What is required
Exactly the lines from the one with "05-'07 MERCURY MARINER" through the final line of the entries, and nothing else, should appear in the answer; no pictures go in it.

Provided records
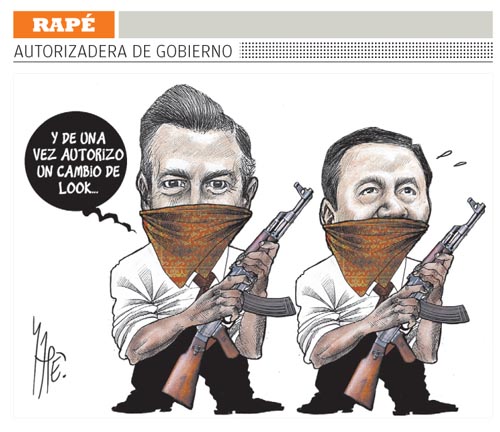Rapé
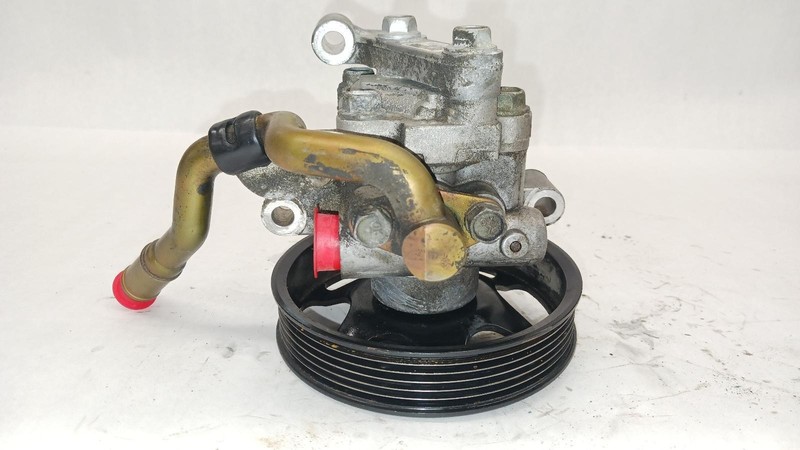 05-'07 MERCURY MARINER Steering Pump 6 cylinder 61k miles OEM 1 Year Wnty!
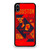 HOUSTON ROCKETS HERO iPhone XS Max Case Cover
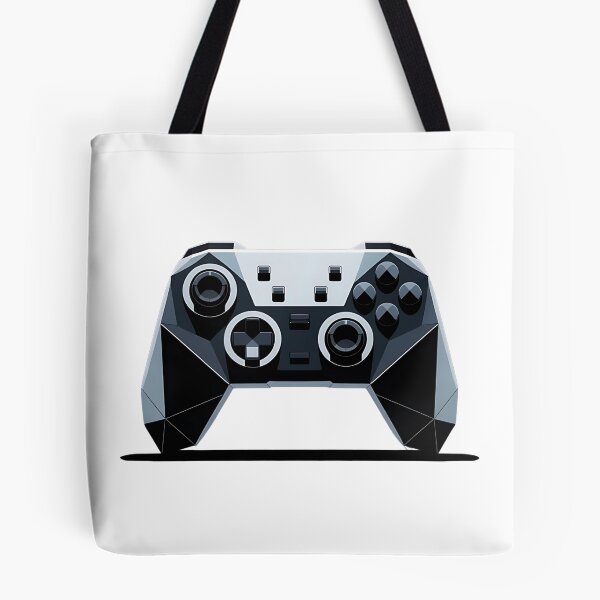 Item preview, Minimalist 8-Bit Controller Tee designed and sold by OhMyCotton.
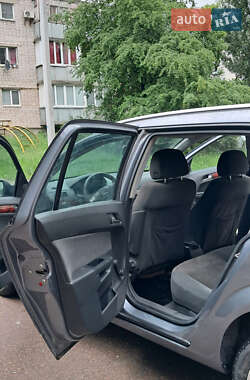 Универсал Opel Astra 2005 в 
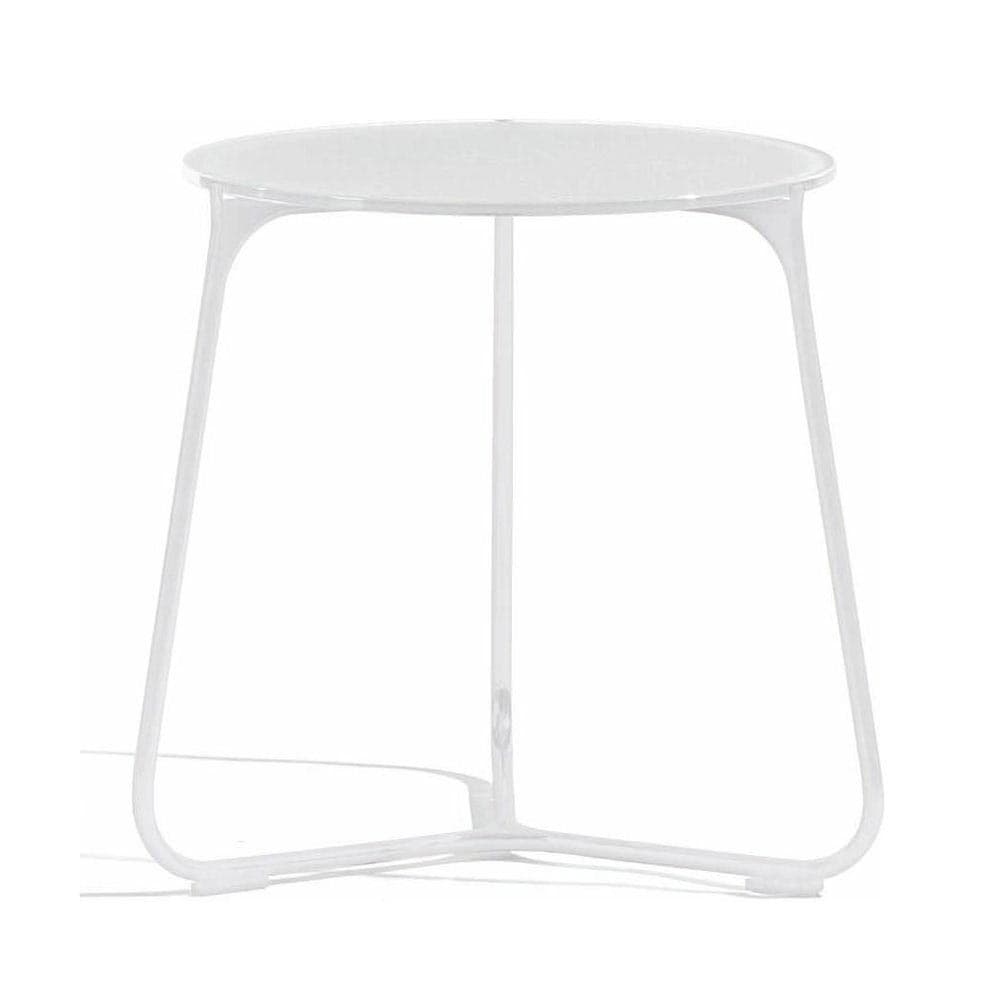 Mood Outdoor Side Table by Manutti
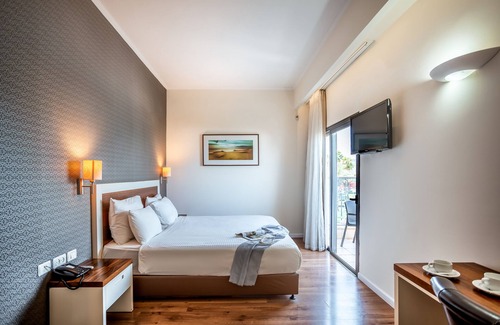 Tiberias Old City Hotel | Emily`s Hotel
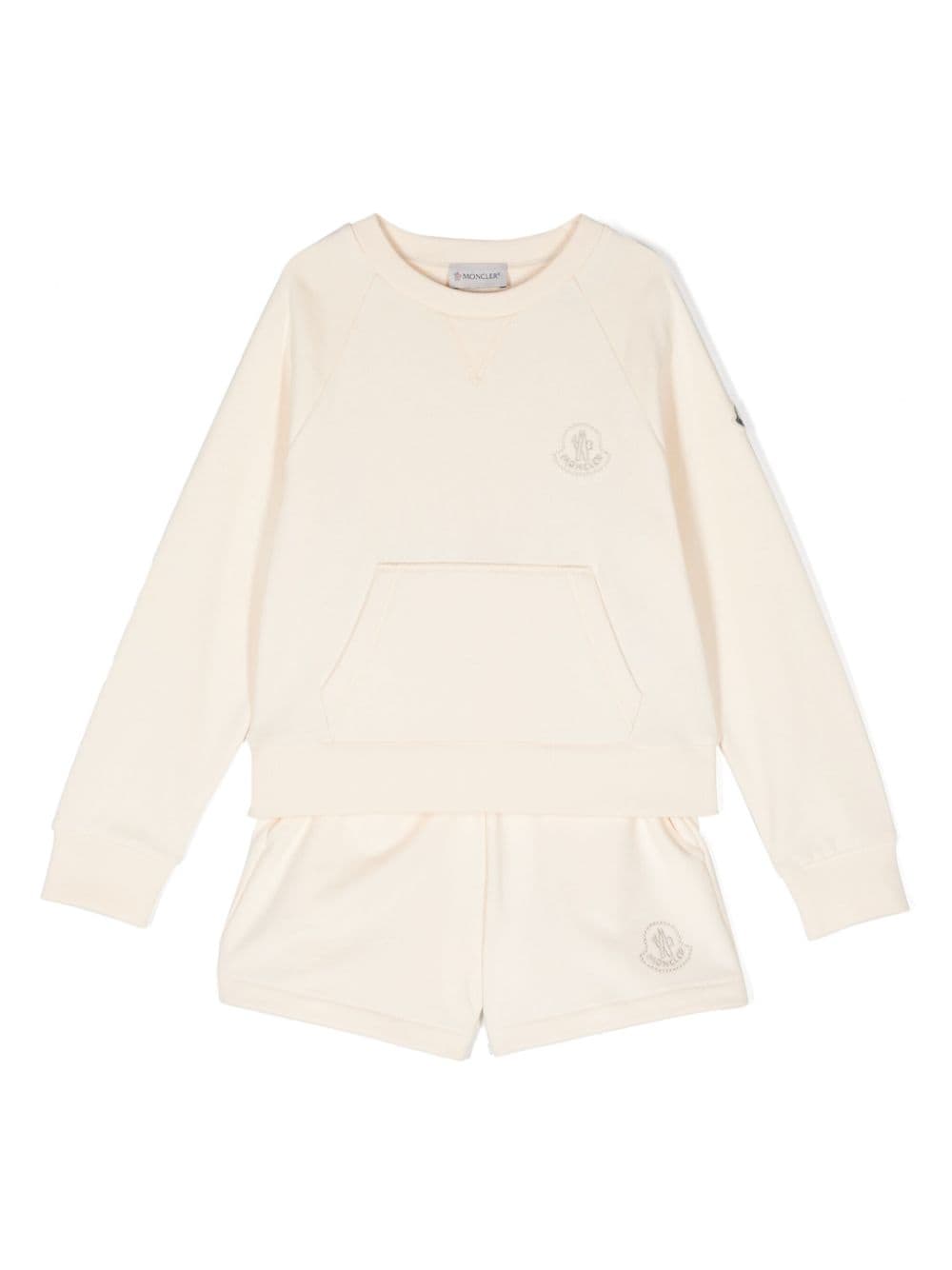 Moncler Kids 8M00013809AG050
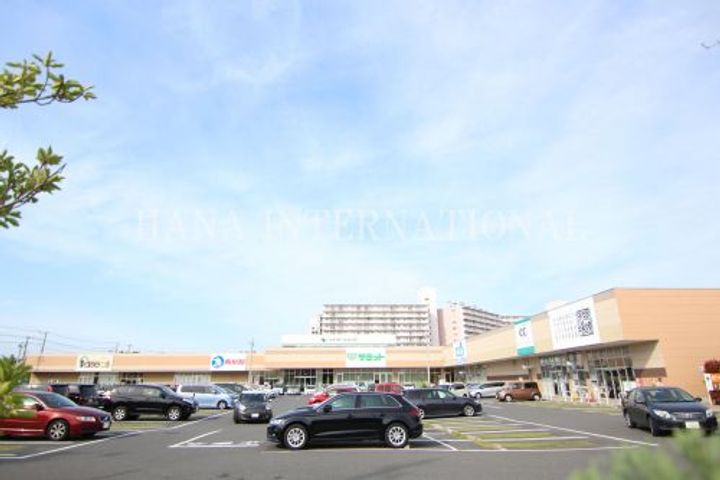 千葉県浦安市今川3(アパート)の賃貸物件の周辺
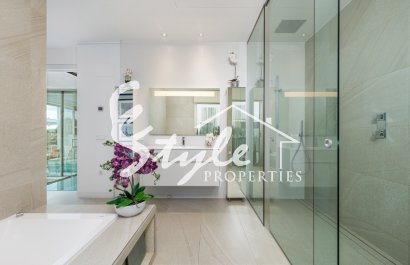 Вторичное жилье - Вилла - Лас Колинас - Las Colinas Golf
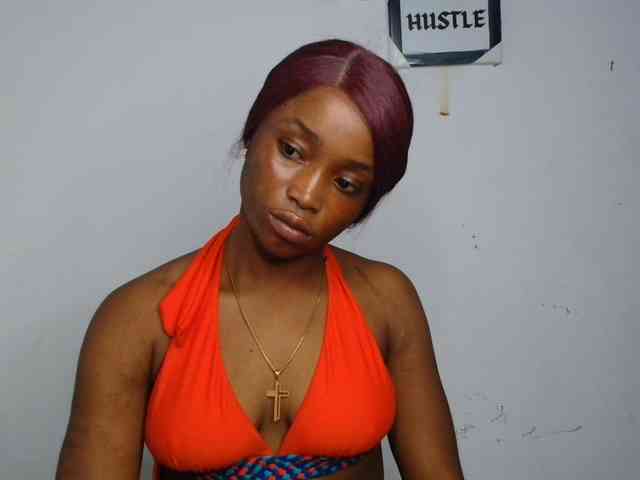 Naughty-choco webcam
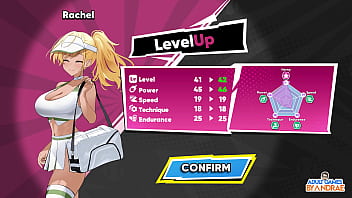 Ep11 hentai scenes with billie and helen academy love tennis angels ex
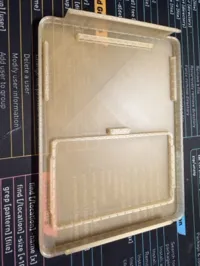 Coque de voyage pour ClockworkPi uConsole — photo 3
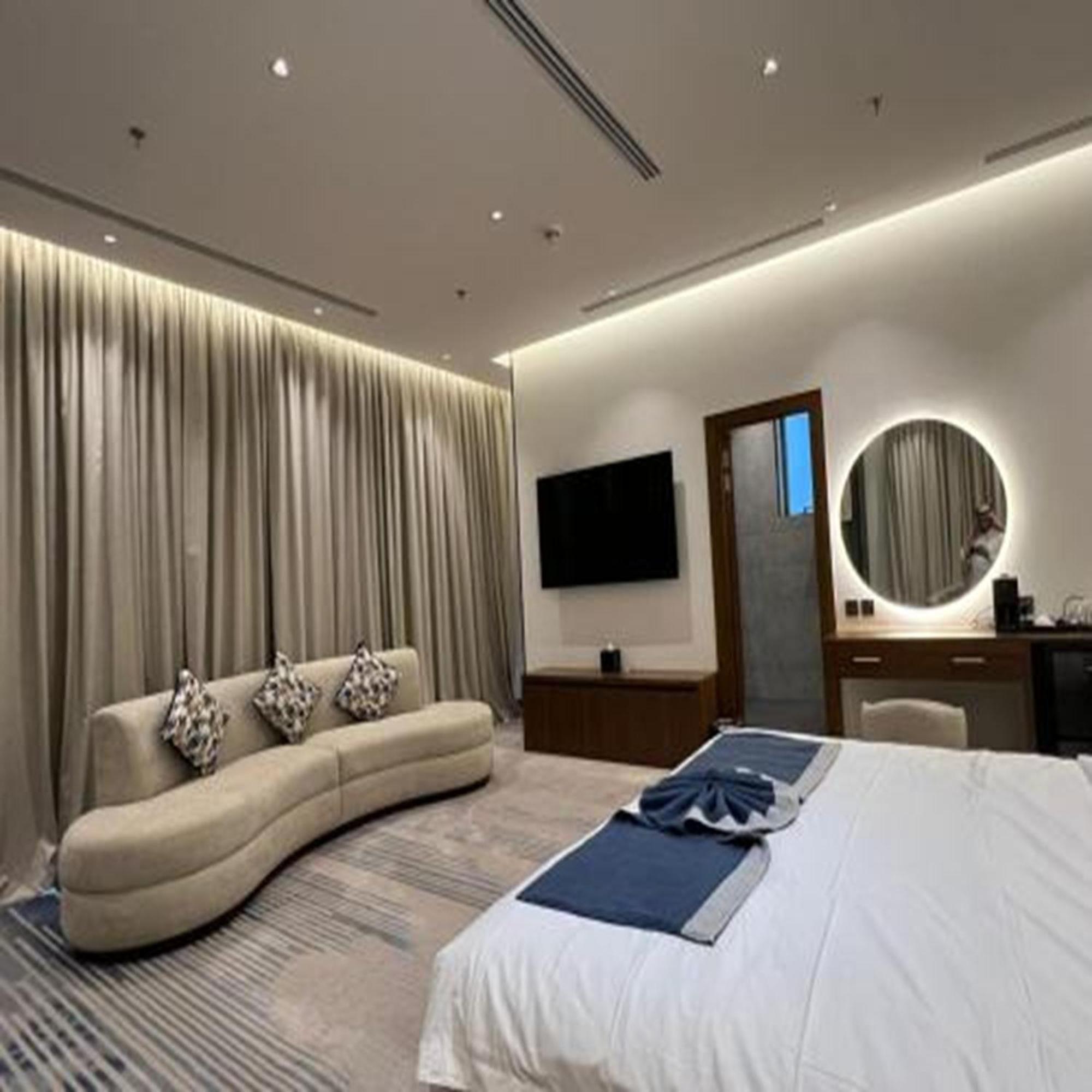 Anan Hotel Ριάντ Εξωτερικό φωτογραφία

Result
 05-'07 MERCURY MARINER Steering Pump 6 cylinder 61k miles OEM 1 Year Wnty!
 HOUSTON ROCKETS HERO iPhone XS Max Case Cover
 Item preview, Minimalist 8-Bit Controller Tee designed and sold by OhMyCotton.
 Универсал Opel Astra 2005 в 
 Mood Outdoor Side Table by Manutti
 Tiberias Old City Hotel | Emily`s Hotel
 Moncler Kids 8M00013809AG050
 千葉県浦安市今川3(アパート)の賃貸物件の周辺
 Вторичное жилье - Вилла - Лас Колинас - Las Colinas Golf
 Naughty-choco webcam
 Ep11 hentai scenes with billie and helen academy love tennis angels ex
 Coque de voyage pour ClockworkPi uConsole — photo 3
 Anan Hotel Ριάντ Εξωτερικό φωτογραφία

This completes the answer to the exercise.